物理的には可能ですが、純正のタイヤ外径(579mm)から大きく変わると、ABSや4WD制御に影響を与える可能性があります。タイヤ外径を純正に近づけることが重要です。
Q. 純正ナットは社外ホイールに使えますか?
使える場合と使えない場合があります。社外ホイールの座面形状がテーパー(60°)であれば純正ナットが使えることもありますが、そうでない場合は専用ナットが必要です。ホイール購入時に必ず確認しましょう。
Q. 車検に通るホイールの基準は?
インセットが純正から大きく変わると車検に通らない可能性があります。一般的には純正のインセットから±10mm以内が目安とされますが、最終的には整備工場や陸運支局の判断になります。
デリカミニのホイール交換を成功させるために
ホイール交換は、デリカミニの見た目や走行性能を大きく変えるカスタムのひとつです。
だからこそ、PCDをはじめとする基本スペックをしっかり理解したうえで選ぶことが大切です。
- PCDは「4穴×100mm」がデリカミニの正解
- インセットは純正の「+46mm」に近いものを選ぶ
- ハブリングの有無を必ず確認する
- ナットはホイールに合ったものを用意する
- 4WD車はタイヤ外径の変化に注意する
これらのポイントを押さえれば、適合しないホイールを買ってしまった、という失敗を防げます。

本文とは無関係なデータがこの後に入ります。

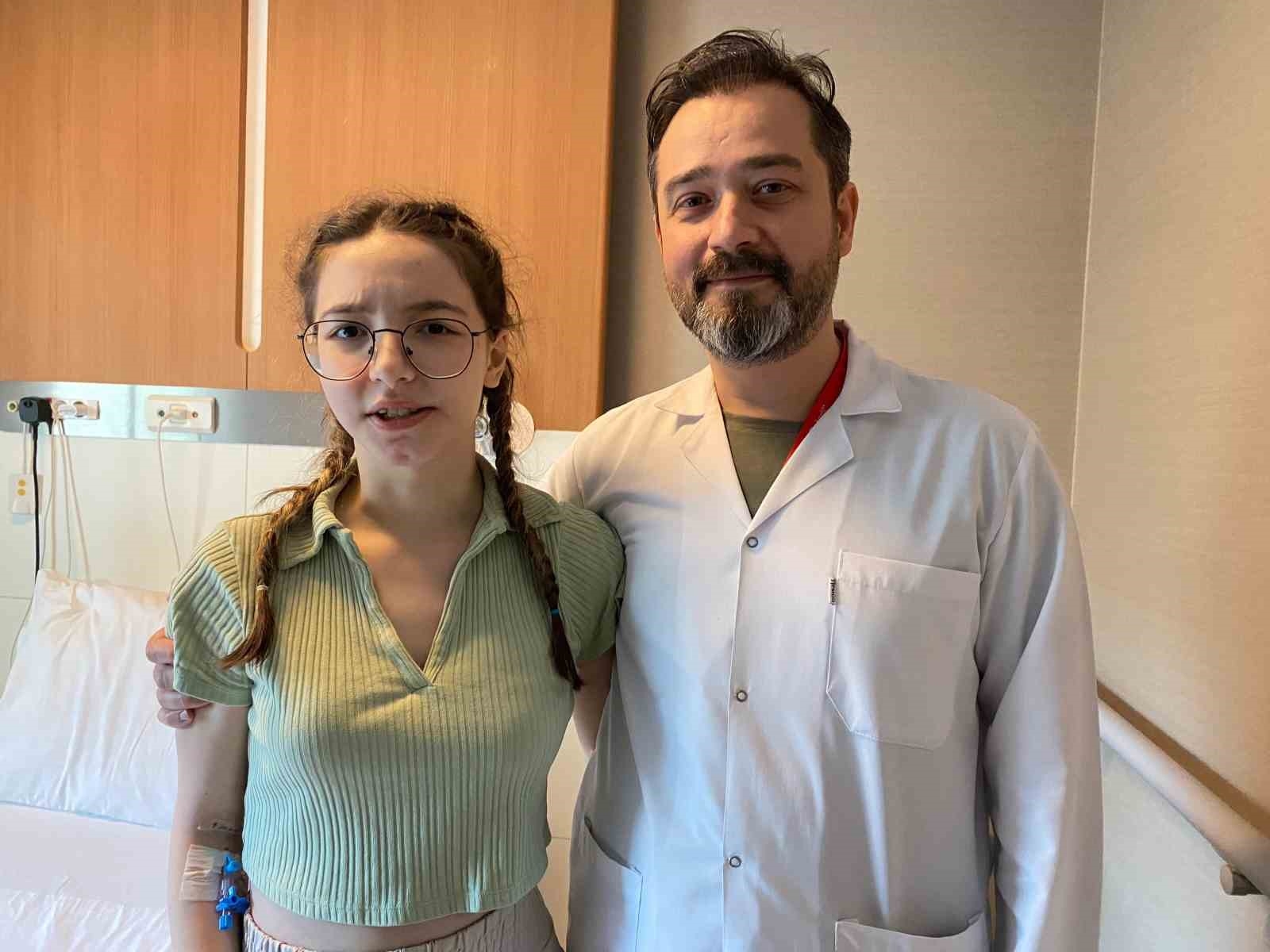 Skolyoz hastası Zeynep füzyon cerrahisi ile sağlığına kavuştu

ホイール選びで迷ったら、カー用品店や整備工場の専門スタッフに相談するのが確実です。自分の車に合ったサイズや、狙っているデザインのホイールが本当に適合するかどうかを、プロの目でチェックしてもらいましょう。
最後に、ホイール交換は走行の安全性に直結する作業です。購入後の取り付けも含めて、信頼できる専門店に相談しながら進めることをおすすめします。